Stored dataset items
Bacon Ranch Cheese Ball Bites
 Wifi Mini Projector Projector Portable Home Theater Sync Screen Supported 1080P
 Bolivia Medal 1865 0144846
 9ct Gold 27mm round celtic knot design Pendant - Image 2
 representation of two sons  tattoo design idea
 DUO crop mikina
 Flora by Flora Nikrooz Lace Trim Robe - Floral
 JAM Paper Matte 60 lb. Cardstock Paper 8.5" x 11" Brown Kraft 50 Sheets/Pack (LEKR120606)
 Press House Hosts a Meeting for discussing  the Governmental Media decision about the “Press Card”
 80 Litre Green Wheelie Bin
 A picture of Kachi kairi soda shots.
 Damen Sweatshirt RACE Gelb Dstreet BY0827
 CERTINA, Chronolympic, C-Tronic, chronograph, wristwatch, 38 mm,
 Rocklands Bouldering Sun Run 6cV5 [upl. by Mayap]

Exercise brief:
If a line above holds the string "design", copy it out.

Completed exercise:
 9ct Gold 27mm round celtic knot design Pendant - Image 2
 representation of two sons  tattoo design idea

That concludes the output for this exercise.